There are indications that the South African military build-up in Rhodesia continued after the Patriotic Front's conditional acceptance of the ceasefire on 5 December and the arrival of Lord Soames on 12 December. On 7 December, for example, the Times correspondent reported seeing a long convoy of South African army vehicles and troops moving in a northerly direction along the Beit Bridge to Fort Victoria road. The troops were all white and numbered about 60 men. Some of them were seen well to the north of Rutenga, travelling even further into Rhodesia. On 15 December, 50 South African army trucks were reported to have arrived in Salisbury and to have been seen unloading military equipment at the railway station. Following agreement on the ceasefire, the Patriotic Front lodged repeated protests with the British Governor at South Africa's continued presence, alleging that South African troops wearing Rhodesian uniforms were being brought into the country to reinforce Rhodesian security force units. In an interview published in the Mozambique newspaper Noticias on 6 January, for example, the President of ZANU (PF), Robert Mugabe, said that SA troops were still arriving in Rhodesia "in their hundreds". ZANLA field commanders had reported the arrival of 20 truckloads of SA troops within the past few days.

No British newspaper had reported seeing any South African troops leaving Rhodesia, by the time FOCUS went to press. On 7 January, however, British officials in Salisbury were reported to have confirmed the withdrawal of an estimated 1,000 South African troops. A spokesman said that all the units had left the country with the exception of "a small force of South African regulars guarding the Beit Bridge border crossing over the Limpopo river", whose presence had been authorised by the Governor. This concession had followed "long and difficult negotiations with the South African government", the spokesman said. On 8 January, the British government was informed by the Southern Africa Committee of Commonwealth High Commissioners in London that the decision to authorise the continuing presence of SA troops in Rhodesia was a violation of the Lancaster House agreement. In Maputo, President Samora Machel of Mozambique told the diplomatic corps that SA forces were continuing to "flow into Zimbabwe with the declared intention of thwarting the democratic electoral process", and that this was "an abusive violation of the London accords".

The British authorities, in an apparent reversal of earlier statements in which the SA troop presence at Beit Bridge had been described as the "single exception" to Lancaster House, subsequently denied that there had been any contravention of the agreement. Lord Soames's press spokesman, Mr. Nicholas Fenn, stated at a press briefing on 14 January that there were "no South African troops under-South African leadership inside Rhodesia other than the small contingent guarding Beit Bridge; their presence did not violate the Lancaster House agreement, nor did it represent intervention; and the force would not be used elsewhere in the country". He agreed that "there were South African troops in the Rhodesian security forces as there are other nationalities", but "none was under South African leadership". Mr. Fenn also said that "it would be preposterous to suggest that it (the South African force) would have influence over voters. Its future is for the independence government to decide".
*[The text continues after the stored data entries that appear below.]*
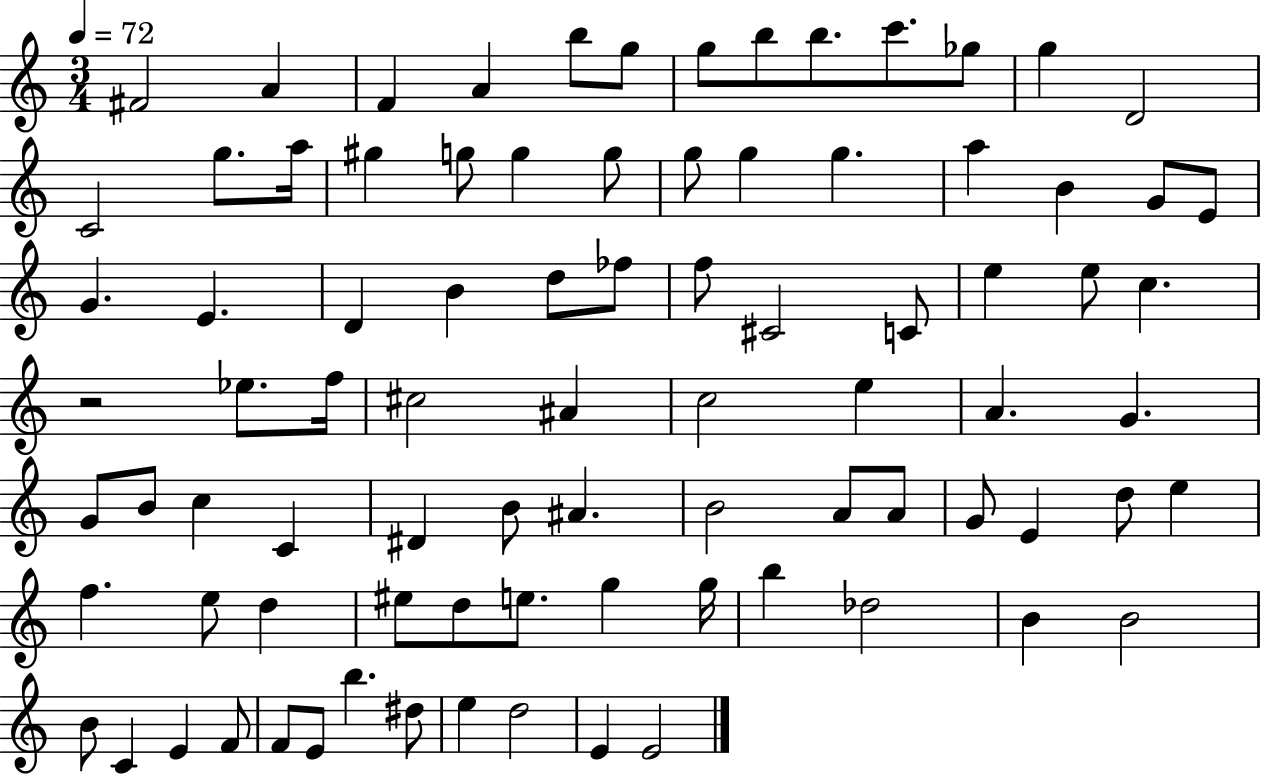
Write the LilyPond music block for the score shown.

{
  \clef treble
  \numericTimeSignature
  \time 3/4
  \key c \major
  \tempo 4 = 72
  \repeat volta 2 { fis'2 a'4 | f'4 a'4 b''8 g''8 | g''8 b''8 b''8. c'''8. ges''8 | g''4 d'2 | \break c'2 g''8. a''16 | gis''4 g''8 g''4 g''8 | g''8 g''4 g''4. | a''4 b'4 g'8 e'8 | \break g'4. e'4. | d'4 b'4 d''8 fes''8 | f''8 cis'2 c'8 | e''4 e''8 c''4. | \break r2 ees''8. f''16 | cis''2 ais'4 | c''2 e''4 | a'4. g'4. | \break g'8 b'8 c''4 c'4 | dis'4 b'8 ais'4. | b'2 a'8 a'8 | g'8 e'4 d''8 e''4 | \break f''4. e''8 d''4 | eis''8 d''8 e''8. g''4 g''16 | b''4 des''2 | b'4 b'2 | \break b'8 c'4 e'4 f'8 | f'8 e'8 b''4. dis''8 | e''4 d''2 | e'4 e'2 | \break } \bar "|."
}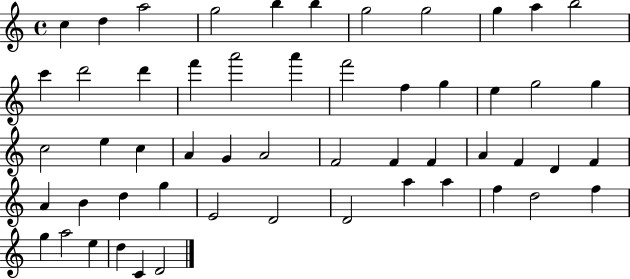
C5/q D5/q A5/h G5/h B5/q B5/q G5/h G5/h G5/q A5/q B5/h C6/q D6/h D6/q F6/q A6/h A6/q F6/h F5/q G5/q E5/q G5/h G5/q C5/h E5/q C5/q A4/q G4/q A4/h F4/h F4/q F4/q A4/q F4/q D4/q F4/q A4/q B4/q D5/q G5/q E4/h D4/h D4/h A5/q A5/q F5/q D5/h F5/q G5/q A5/h E5/q D5/q C4/q D4/h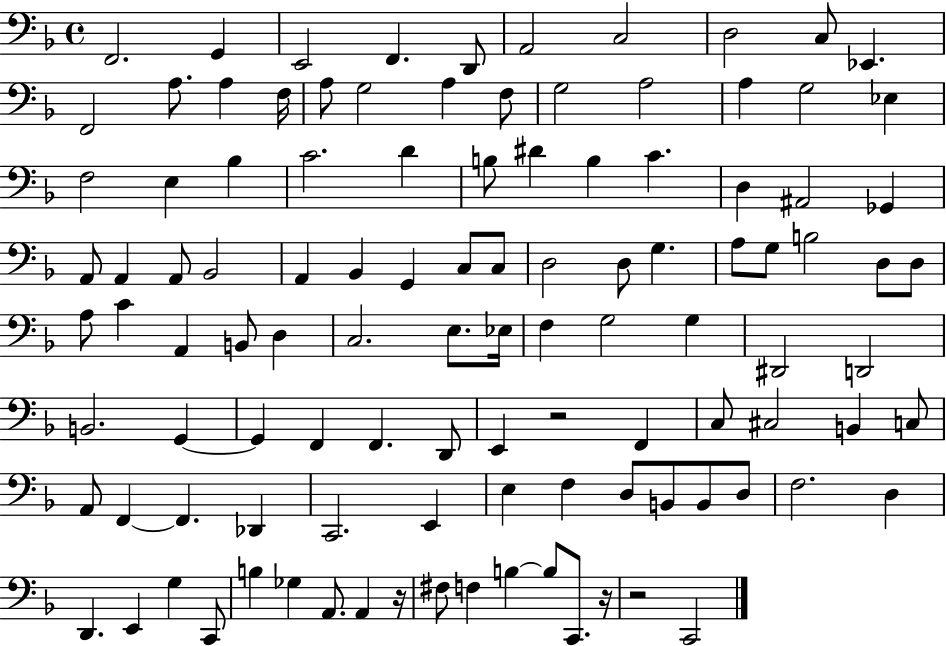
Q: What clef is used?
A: bass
British officials maintained by this time that the South African presence comprised 150 troops on the Rhodesian side of the border at Beit Bridge, with a further 250 in the immediate vicinity on the South African side. Other "sources" referred to 250 SA troops deployed within a 7 mile radius of Beit Bridge and equipped with artillery.

The President of ZANU (PF), Mr. Robert Mugabe, however, stated that there were now 6,000 SA troops in Rhodesia, half of whom had arrived since September 1979. ZANU's "Voice of Zimbabwe" radio programme from Maputo said that SA had 3,000 troops stationed in the Beit Bridge area, ready with trucks and equipment for an armed intervention. This troop presence seemed to be increasing day by day, the radio said, and transit facilities for the troops had been set up in a sealed-off area of Beit Bridge railway station. The "Revolutionary Voice of Zimbabwe" Patriotic Front programme from Addis Ababa stated that there were "three to four battalions" of SA troops "all over Zimbabwe".